Divan şairi (D. 1495, Hille / Bağdat - Ö. 1556, Kerbelâ). Asıl adı Mehmed bin Süleyman’dır. Hive Müftüsü Süleyman Efendi’nin oğludur. Şiire başladığında önce çeşitli mahlaslar kullandı. Fakat başka şairlerin de bu mahlasları kullandıklarını görünce hepsini bırakarak Fuzulî’yi mahlas olarak seçti. Fazl’ın çoğul biçimi olan Fuzulî, “şahsi üstünlüklerle ilgili “ veya “ şahsi üstünlüklere ait” manasında bir kelimedir. Diğer taraftan Fuzulî’nin “boşu boşuna” manası da vardır. Bu mana ile kelime fani-i Mutlak tabirine kadar gitmekte, şair adının bile unutulmasını istemektedir. Bu da tasavvufi konuları terennüm eden şair için uzun bir araştırmadan sonra bu mahlasın seçildiğini göstermektedir. Zaten o, bu mahlası ne ince hesaplar içinde seçtiğini Farsça Divanı’nın mukaddimesinde: “Eğer başkalarının da kullandığı bir lakabı alsaydım, sözlerimden bir kısmının o mahlası kullanan öbür şairlere mal edilmesi mümkündü. O vakit bana yazık olurdu. İşte sözlerimin başkalarına isnat olunmaması için kimsenin kabul etmediği ve edemeyeceği bir mahlas aldım.” şeklinde anlatır.

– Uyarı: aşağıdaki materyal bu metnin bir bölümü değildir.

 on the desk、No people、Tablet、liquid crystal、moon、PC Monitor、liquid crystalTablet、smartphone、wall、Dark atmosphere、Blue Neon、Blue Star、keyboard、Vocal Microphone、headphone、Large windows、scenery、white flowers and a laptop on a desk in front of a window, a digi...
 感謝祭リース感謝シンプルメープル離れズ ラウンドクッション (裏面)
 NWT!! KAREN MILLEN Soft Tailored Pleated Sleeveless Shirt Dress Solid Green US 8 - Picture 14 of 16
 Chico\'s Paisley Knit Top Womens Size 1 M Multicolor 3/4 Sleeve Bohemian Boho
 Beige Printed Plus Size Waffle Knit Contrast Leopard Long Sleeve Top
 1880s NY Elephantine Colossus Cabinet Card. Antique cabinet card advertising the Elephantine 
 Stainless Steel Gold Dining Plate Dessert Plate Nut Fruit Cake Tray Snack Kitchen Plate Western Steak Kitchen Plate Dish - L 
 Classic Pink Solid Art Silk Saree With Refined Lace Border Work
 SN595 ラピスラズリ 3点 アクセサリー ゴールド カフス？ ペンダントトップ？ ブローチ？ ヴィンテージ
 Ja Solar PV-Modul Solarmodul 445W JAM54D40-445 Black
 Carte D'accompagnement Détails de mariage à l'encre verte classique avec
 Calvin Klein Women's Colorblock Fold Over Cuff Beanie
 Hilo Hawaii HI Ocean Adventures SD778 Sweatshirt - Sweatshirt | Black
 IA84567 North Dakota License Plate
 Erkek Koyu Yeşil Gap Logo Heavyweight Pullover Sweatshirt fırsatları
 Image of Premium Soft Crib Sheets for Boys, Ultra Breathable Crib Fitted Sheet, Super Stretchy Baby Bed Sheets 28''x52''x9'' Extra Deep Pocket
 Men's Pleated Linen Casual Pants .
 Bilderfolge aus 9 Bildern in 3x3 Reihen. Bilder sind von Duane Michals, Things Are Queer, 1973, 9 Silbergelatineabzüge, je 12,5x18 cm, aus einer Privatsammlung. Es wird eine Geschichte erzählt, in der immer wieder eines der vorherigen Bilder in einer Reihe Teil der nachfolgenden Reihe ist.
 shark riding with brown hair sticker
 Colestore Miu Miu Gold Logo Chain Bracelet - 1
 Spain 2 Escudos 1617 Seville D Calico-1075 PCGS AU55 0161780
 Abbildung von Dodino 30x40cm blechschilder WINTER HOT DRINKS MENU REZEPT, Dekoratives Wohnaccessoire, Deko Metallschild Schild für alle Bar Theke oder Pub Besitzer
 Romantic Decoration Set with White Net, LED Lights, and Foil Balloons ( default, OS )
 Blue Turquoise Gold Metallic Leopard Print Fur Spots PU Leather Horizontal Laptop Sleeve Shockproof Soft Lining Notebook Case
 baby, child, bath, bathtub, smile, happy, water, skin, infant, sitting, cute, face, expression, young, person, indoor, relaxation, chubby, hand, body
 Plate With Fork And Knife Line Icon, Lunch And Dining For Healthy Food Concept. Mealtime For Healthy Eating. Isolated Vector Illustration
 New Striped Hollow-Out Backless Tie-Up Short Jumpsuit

Fuzulî’nin gençlik dönemine ilişkin bilgi yoktur. Eserlerinden iyi bir öğrenim gördüğü, İslâmi ilimler, İran edebiyatı, hendese, hikmet ve tasavvufla ilgilendiği anlaşılmaktadır. Sıhhat u Maraz (1940) adlı eseri hekimlik bilgisi de olduğunu göstermektedir. Gördüğü öğrenim ve hayatının diğer dönemleri hakkında da yeterli bilgi bulunmayan Fuzulî’nin, “Molla” unvanı alacak kadar ileri derecede İslâmi bilimler öğrenimi gördüğü hakkında geniş bir görüş birliği vardır. 1508’de Bağdat’ı fetheden Şah İsmail’e Beng ü Bade adlı mesnevisini sundu. Bir süre, Bağdat’taki Safevî Valisi İbrahim Han’dan himaye gördü. İbrahim Han’ın ölümünden (1527) sonra başka bir koruyucu bulamayınca Hille’ye çekildi. Kanuni Sultan Süleyman Bağdat’ı fethedince (1534), padişaha ve paşalarına sunduğu kasidelerle dikkati çekti. Ancak kendisine bağlanan günde dokuz akçelik maaş bir süre sonra kesilince Nişancı Celâlzâde Mustafa Çelebi’ye ünlü Şikâyetnâme’sini yazdı.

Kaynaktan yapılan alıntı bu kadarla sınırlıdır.